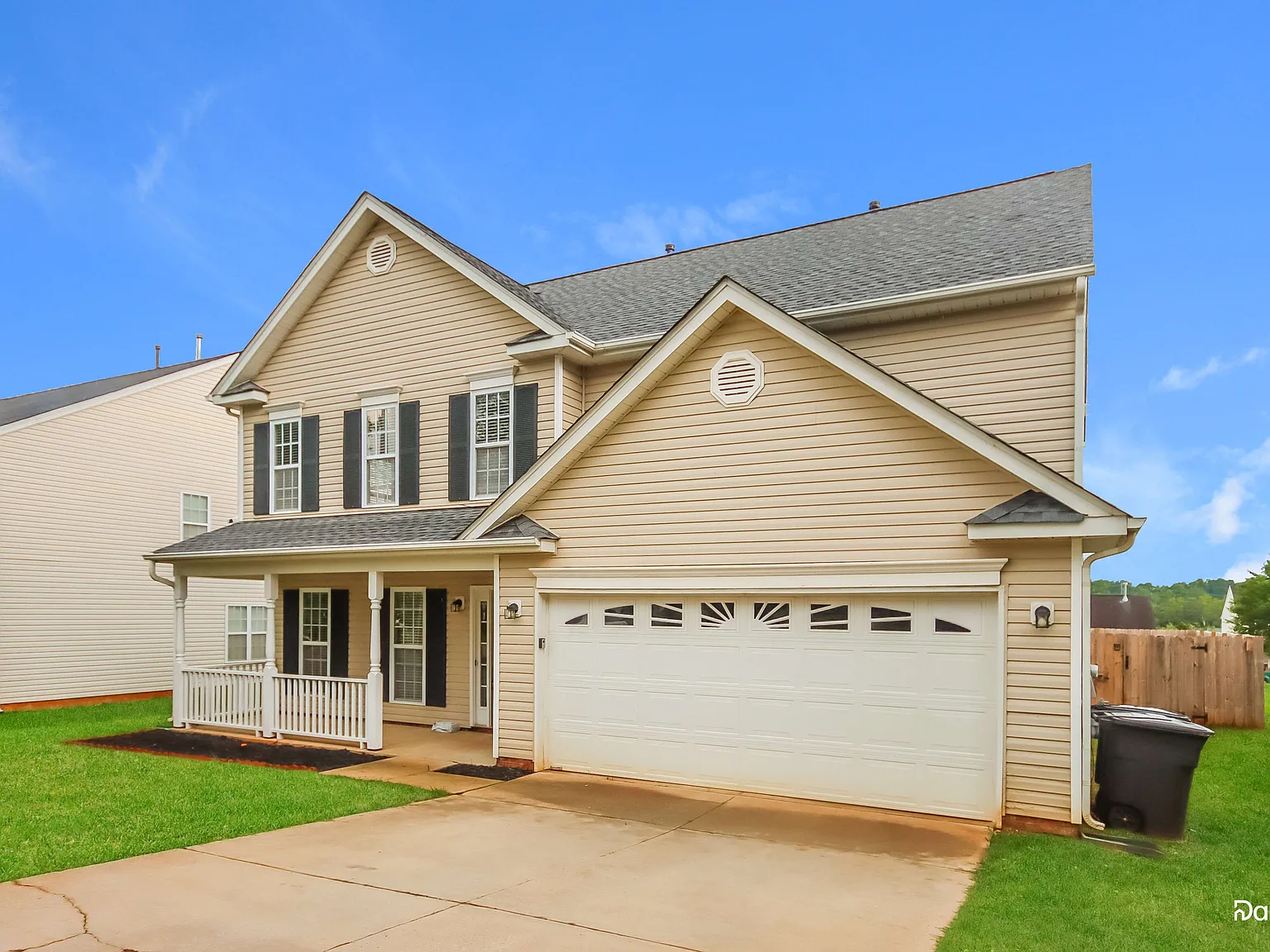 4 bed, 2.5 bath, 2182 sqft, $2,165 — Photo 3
* * *
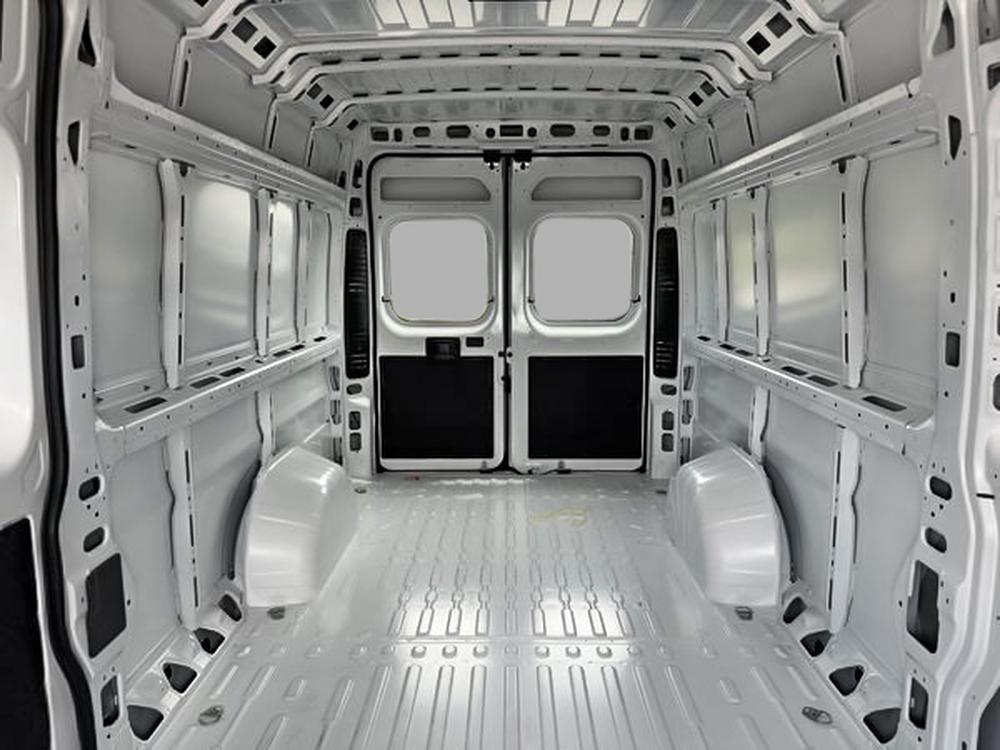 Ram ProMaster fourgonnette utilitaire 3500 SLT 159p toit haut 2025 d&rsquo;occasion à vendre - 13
...
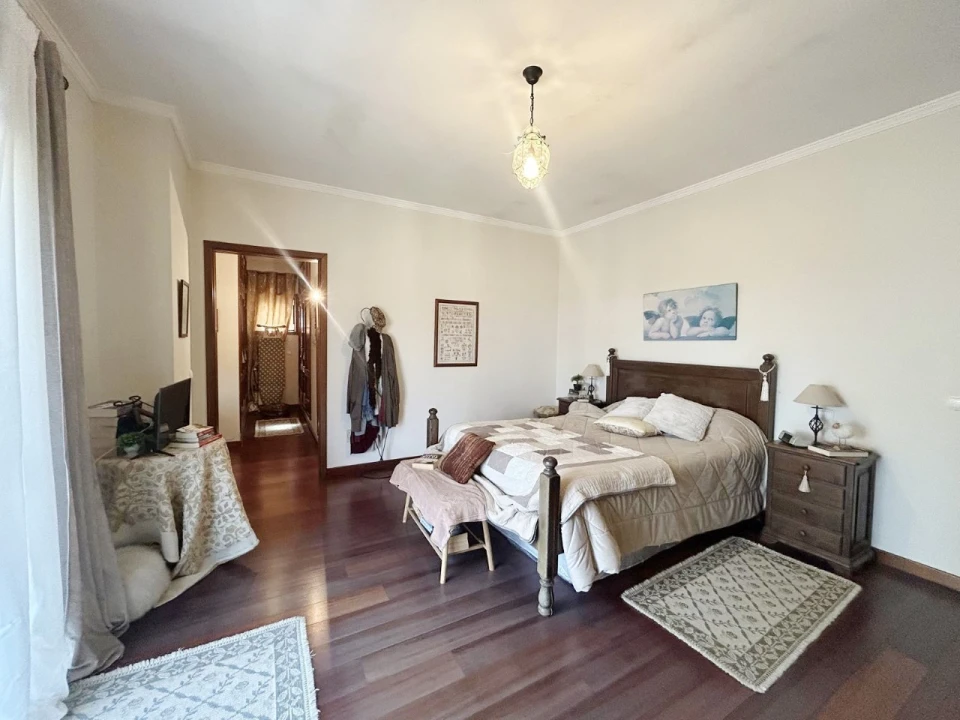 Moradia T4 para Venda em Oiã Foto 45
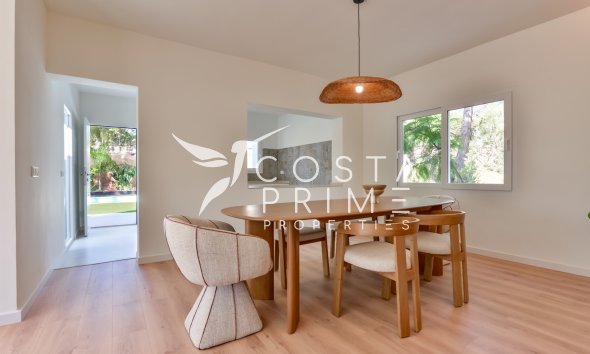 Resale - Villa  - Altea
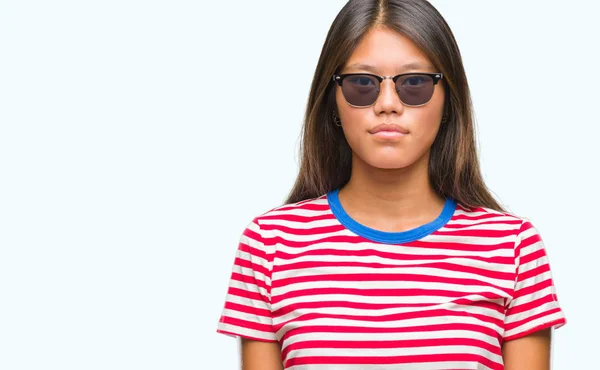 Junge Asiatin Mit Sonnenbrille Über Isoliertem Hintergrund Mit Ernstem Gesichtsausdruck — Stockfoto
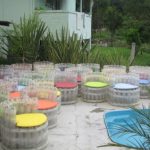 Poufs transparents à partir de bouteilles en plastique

[WORK INSTRUCTIONS]
The line holding "Resale - Villa" starts the copy and the line holding "Poufs transparents à" ends it. Repeat those two lines above and all between them exactly, leaving out pictures.

[RESULT FOR THIS EXERCISE]
 Resale - Villa  - Altea
 Junge Asiatin Mit Sonnenbrille Über Isoliertem Hintergrund Mit Ernstem Gesichtsausdruck — Stockfoto
 Poufs transparents à partir de bouteilles en plastique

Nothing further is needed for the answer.